GRBaddnonlinearexpression(
    grb,
    result_variable::Int,
    n_nodes::Int,
    n_data::Int,
    node_types::Vector{Int},
    node_parents::Vector{Int},
    node_values::Vector{Int},
    data::Vector{Float64},
)
rluce commented 9 months ago

Correct, no vector in- our output planned for Gurobi, but the concept is very tempting 😄 .
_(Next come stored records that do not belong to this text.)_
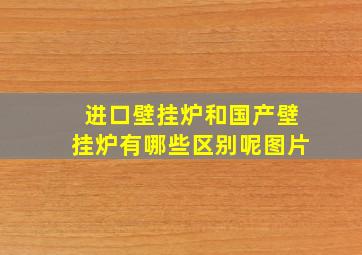 进口壁挂炉和国产壁挂炉有哪些区别呢图片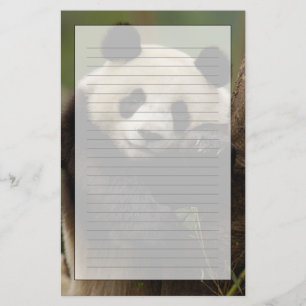Papeterie Famille du panda géant (Ailuropoda melanoleuca)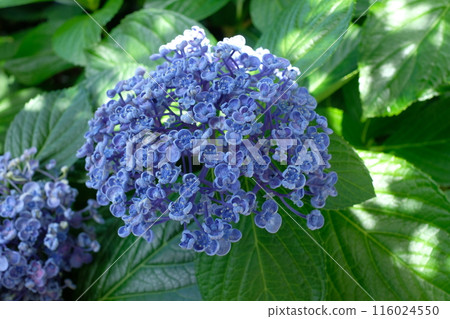 Blue Otafuku Hydrangea 116024550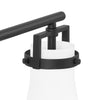 Home Decorators Collection 4001003MG-112 22" Lámpara de Tocador Negra Mate con Pantallas de Vidrio L | MiOfertas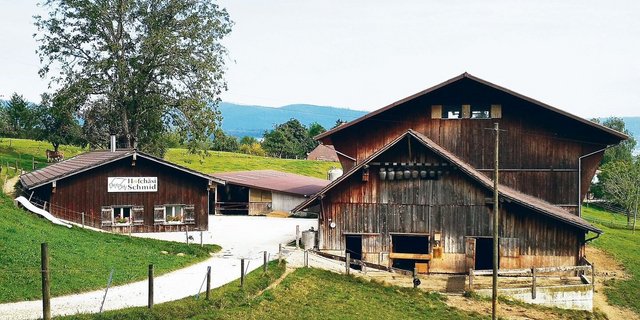 Neu gestartet auf bestens bekanntem Terrain: Francesco De Benedetto fühlt sich daheim auf dem heimeligen, urchigen Bauernhof Hofchäsi Schmid in Gretzenbach. 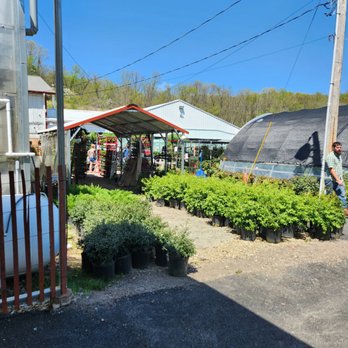 380 Auction Discount Warehouse - Discount Store Near Me - Murrysville, Pennsylvania 380 Auction Discount Warehouse - Discount Store Near Me - Murrysville, Pennsylvania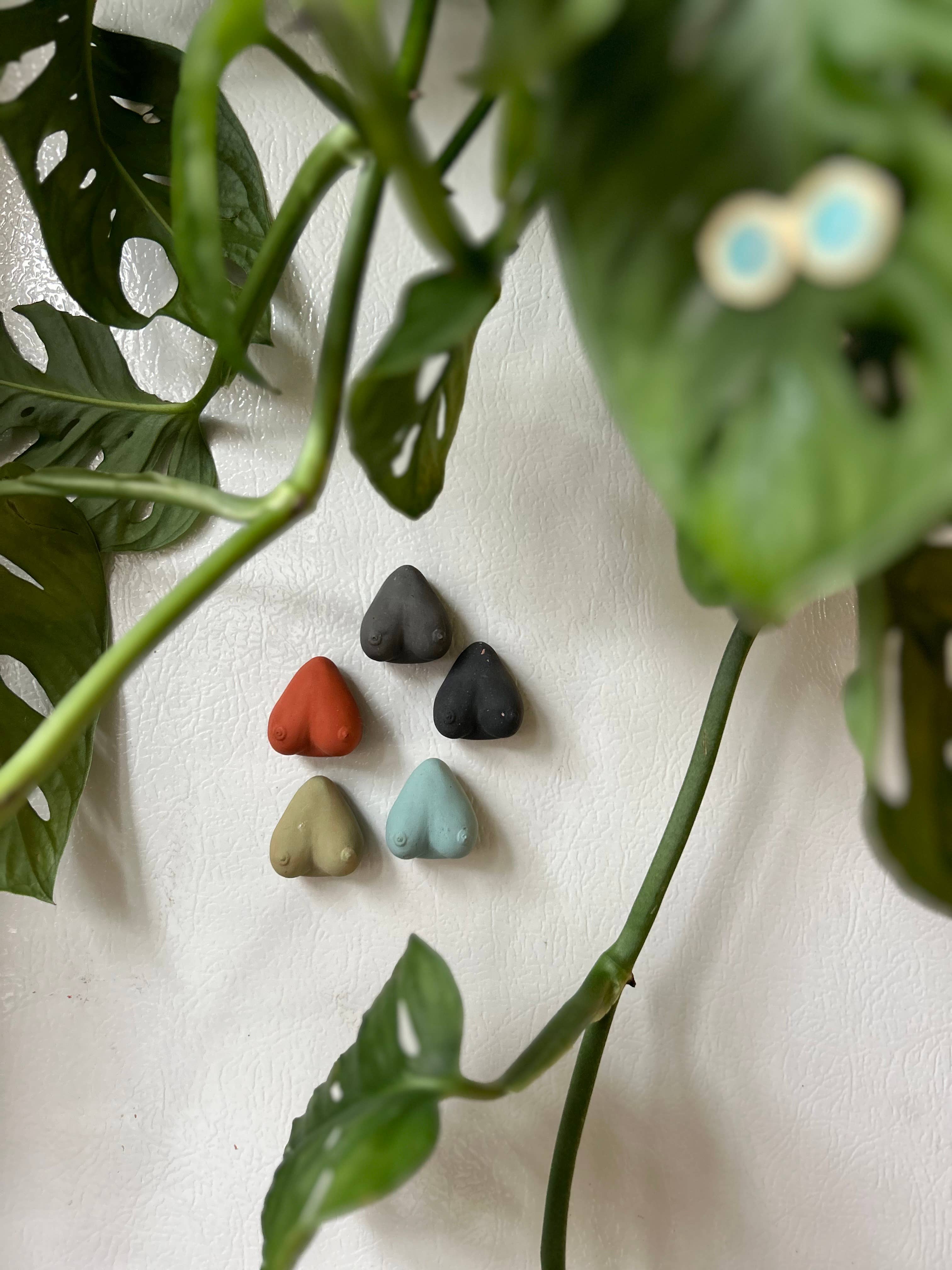 Queen City Crete - Vendita all'ingrosso Calamite - Magneti Boob 5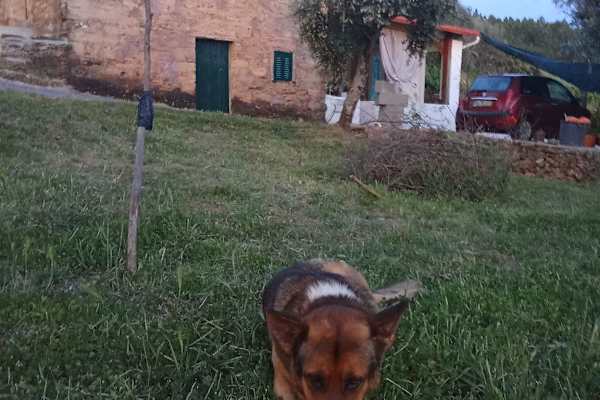 House sit in Castelo Branco, Portugal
But matrices are a bit more complicated. We'd need to encode (rows, cols). One option would be to store the size as a packed value::Int64

Another option could be to put dimensionality information in the value array, viz.

A = [1 2; 3 4]
x = [MOI.VariableIndex(1), MOI.VariableIndex(2)]

f(x) = sum(A * x)

|  i | node_type    | parent | value  | 
|  1 | SCALAR_CALL  |     -1 | OP_SUM |
|  2 | RESULT_ARRAY |      1 | 9      |
|  3 | RESULT       |      2 | NaN    |
|  4 | RESULT       |      2 | NaN    |
|  5 | VECTOR_CALL  |      2 | OP_MUL |
|  6 | ARRAY        |      5 | 7      |
|  7 | CONSTANT     |      6 | 1      |
|  8 | CONSTANT     |      6 | 2      |
|  9 | CONSTANT     |      6 | 3      |
| 10 | CONSTANT     |      6 | 4      |
| 11 | ARRAY        |      5 | 5      |
| 12 | VARIABLE     |     11 | 1      |
| 13 | VARIABLE     |     11 | 2      |

[1.0, 3.0, 2.0, 4.0, 2.0, 0.0, 2.0, 2.0, 2.0, 0.0]

with the understanding that an ARRAY node will always read 2 consecutive values from the value array. Not pretty, but maybe more consistent with the idea that value is the place to store static data.

odow commented 9 months ago

I guess there are multiple options for the size. It probably doesn't really matter which one you go with, so long as it is consistent.

The other option, instead of directly coding RESULT values, is to have a OP_GET_INDEX node which can lookup into the array.

|  i | OP_GET_INDEX       |      2 | 1  |

The benefit of this is that you don't need all the RESULT rows. but the downside is that on the reverse pass you'd need to allocate storage for the array ops, where as the RESULT rows could be filled in-place like normal.